All lines from the opening of the entries below through the line containing "Toyota Land Cruiser 70 LX 4.0L V6 A/T-0-0" must be output exactly as they appear, with no other lines.

Stored dataset items:
<<<<

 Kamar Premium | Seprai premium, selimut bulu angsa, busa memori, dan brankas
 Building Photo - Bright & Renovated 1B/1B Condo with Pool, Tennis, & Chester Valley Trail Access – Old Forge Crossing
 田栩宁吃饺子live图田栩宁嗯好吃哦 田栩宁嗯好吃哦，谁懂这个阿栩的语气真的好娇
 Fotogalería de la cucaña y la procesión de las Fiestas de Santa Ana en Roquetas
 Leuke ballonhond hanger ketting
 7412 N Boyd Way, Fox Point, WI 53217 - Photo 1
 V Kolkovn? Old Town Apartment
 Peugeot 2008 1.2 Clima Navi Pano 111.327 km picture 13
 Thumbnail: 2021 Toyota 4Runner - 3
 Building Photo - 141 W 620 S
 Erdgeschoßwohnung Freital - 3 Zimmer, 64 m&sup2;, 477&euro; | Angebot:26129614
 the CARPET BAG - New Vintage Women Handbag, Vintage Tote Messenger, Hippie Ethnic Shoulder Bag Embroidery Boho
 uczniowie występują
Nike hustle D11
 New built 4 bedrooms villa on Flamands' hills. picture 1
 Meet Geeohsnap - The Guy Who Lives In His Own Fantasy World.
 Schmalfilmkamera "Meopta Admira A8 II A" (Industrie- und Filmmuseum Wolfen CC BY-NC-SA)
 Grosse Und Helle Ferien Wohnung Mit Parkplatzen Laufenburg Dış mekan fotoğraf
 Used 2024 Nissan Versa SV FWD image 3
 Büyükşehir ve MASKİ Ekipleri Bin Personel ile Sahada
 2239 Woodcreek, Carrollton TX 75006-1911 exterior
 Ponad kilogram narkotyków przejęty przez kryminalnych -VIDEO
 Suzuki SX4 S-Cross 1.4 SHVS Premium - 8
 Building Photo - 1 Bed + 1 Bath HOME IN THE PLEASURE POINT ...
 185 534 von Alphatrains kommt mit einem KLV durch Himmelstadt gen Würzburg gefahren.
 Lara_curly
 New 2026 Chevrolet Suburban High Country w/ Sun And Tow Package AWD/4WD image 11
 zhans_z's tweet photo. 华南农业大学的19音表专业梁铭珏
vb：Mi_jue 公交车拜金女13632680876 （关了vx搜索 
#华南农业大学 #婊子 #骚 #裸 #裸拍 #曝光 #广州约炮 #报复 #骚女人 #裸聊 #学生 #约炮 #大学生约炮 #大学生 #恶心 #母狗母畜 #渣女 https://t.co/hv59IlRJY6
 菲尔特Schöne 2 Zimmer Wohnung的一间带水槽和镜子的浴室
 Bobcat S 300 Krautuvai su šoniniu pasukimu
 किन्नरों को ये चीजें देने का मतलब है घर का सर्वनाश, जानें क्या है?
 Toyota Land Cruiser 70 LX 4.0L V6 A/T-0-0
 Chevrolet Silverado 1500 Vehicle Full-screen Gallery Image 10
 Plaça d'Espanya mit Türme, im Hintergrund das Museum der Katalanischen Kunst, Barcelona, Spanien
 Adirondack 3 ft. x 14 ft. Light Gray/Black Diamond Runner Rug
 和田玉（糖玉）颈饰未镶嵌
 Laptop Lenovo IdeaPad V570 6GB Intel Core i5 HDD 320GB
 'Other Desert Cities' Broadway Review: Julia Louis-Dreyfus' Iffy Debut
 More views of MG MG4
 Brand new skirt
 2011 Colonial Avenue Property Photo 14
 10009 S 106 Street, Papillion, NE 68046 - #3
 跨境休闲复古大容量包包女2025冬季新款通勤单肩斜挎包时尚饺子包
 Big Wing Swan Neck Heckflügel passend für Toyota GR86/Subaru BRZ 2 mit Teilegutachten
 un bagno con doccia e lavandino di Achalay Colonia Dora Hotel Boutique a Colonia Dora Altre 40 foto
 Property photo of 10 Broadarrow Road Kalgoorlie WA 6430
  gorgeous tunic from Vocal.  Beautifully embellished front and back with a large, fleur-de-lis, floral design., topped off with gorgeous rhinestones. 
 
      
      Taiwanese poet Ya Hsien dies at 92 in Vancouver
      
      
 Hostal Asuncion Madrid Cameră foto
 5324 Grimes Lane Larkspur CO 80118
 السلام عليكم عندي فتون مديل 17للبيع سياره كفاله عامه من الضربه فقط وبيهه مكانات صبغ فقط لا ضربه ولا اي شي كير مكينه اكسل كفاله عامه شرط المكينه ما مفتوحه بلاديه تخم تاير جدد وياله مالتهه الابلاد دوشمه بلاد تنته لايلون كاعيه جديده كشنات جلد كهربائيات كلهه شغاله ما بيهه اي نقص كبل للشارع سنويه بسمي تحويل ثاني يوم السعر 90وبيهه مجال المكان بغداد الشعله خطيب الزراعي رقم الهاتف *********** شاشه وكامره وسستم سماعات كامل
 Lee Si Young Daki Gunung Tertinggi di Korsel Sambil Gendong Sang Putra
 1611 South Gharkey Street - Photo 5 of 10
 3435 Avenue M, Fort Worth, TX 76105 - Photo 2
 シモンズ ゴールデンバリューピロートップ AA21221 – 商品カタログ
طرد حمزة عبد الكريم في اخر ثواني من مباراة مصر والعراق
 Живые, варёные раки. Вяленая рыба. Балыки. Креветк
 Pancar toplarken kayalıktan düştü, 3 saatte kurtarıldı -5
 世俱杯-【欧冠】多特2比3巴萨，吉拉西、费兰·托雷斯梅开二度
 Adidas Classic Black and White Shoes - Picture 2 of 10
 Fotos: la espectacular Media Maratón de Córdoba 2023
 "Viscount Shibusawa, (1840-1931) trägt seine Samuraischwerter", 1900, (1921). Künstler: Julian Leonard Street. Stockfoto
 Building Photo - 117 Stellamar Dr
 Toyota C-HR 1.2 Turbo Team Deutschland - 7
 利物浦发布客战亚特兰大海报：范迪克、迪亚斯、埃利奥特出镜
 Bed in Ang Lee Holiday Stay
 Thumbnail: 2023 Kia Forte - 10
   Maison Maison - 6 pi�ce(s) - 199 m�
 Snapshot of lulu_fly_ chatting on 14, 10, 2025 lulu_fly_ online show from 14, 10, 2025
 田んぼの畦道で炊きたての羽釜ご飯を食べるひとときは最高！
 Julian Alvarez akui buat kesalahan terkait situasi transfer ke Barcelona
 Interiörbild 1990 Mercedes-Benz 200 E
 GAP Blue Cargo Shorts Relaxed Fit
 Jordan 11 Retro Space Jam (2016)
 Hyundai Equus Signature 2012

>>>>

> Exercise solution
 Kamar Premium | Seprai premium, selimut bulu angsa, busa memori, dan brankas
 Building Photo - Bright & Renovated 1B/1B Condo with Pool, Tennis, & Chester Valley Trail Access – Old Forge Crossing
 田栩宁吃饺子live图田栩宁嗯好吃哦 田栩宁嗯好吃哦，谁懂这个阿栩的语气真的好娇
 Fotogalería de la cucaña y la procesión de las Fiestas de Santa Ana en Roquetas
 Leuke ballonhond hanger ketting
 7412 N Boyd Way, Fox Point, WI 53217 - Photo 1
 V Kolkovn? Old Town Apartment
 Peugeot 2008 1.2 Clima Navi Pano 111.327 km picture 13
 Thumbnail: 2021 Toyota 4Runner - 3
 Building Photo - 141 W 620 S
 Erdgeschoßwohnung Freital - 3 Zimmer, 64 m&sup2;, 477&euro; | Angebot:26129614
 the CARPET BAG - New Vintage Women Handbag, Vintage Tote Messenger, Hippie Ethnic Shoulder Bag Embroidery Boho
 uczniowie występują
Nike hustle D11
 New built 4 bedrooms villa on Flamands' hills. picture 1
 Meet Geeohsnap - The Guy Who Lives In His Own Fantasy World.
 Schmalfilmkamera "Meopta Admira A8 II A" (Industrie- und Filmmuseum Wolfen CC BY-NC-SA)
 Grosse Und Helle Ferien Wohnung Mit Parkplatzen Laufenburg Dış mekan fotoğraf
 Used 2024 Nissan Versa SV FWD image 3
 Büyükşehir ve MASKİ Ekipleri Bin Personel ile Sahada
 2239 Woodcreek, Carrollton TX 75006-1911 exterior
 Ponad kilogram narkotyków przejęty przez kryminalnych -VIDEO
 Suzuki SX4 S-Cross 1.4 SHVS Premium - 8
 Building Photo - 1 Bed + 1 Bath HOME IN THE PLEASURE POINT ...
 185 534 von Alphatrains kommt mit einem KLV durch Himmelstadt gen Würzburg gefahren.
 Lara_curly
 New 2026 Chevrolet Suburban High Country w/ Sun And Tow Package AWD/4WD image 11
 zhans_z's tweet photo. 华南农业大学的19音表专业梁铭珏
vb：Mi_jue 公交车拜金女13632680876 （关了vx搜索 
#华南农业大学 #婊子 #骚 #裸 #裸拍 #曝光 #广州约炮 #报复 #骚女人 #裸聊 #学生 #约炮 #大学生约炮 #大学生 #恶心 #母狗母畜 #渣女 https://t.co/hv59IlRJY6
 菲尔特Schöne 2 Zimmer Wohnung的一间带水槽和镜子的浴室
 Bobcat S 300 Krautuvai su šoniniu pasukimu
 किन्नरों को ये चीजें देने का मतलब है घर का सर्वनाश, जानें क्या है?
 Toyota Land Cruiser 70 LX 4.0L V6 A/T-0-0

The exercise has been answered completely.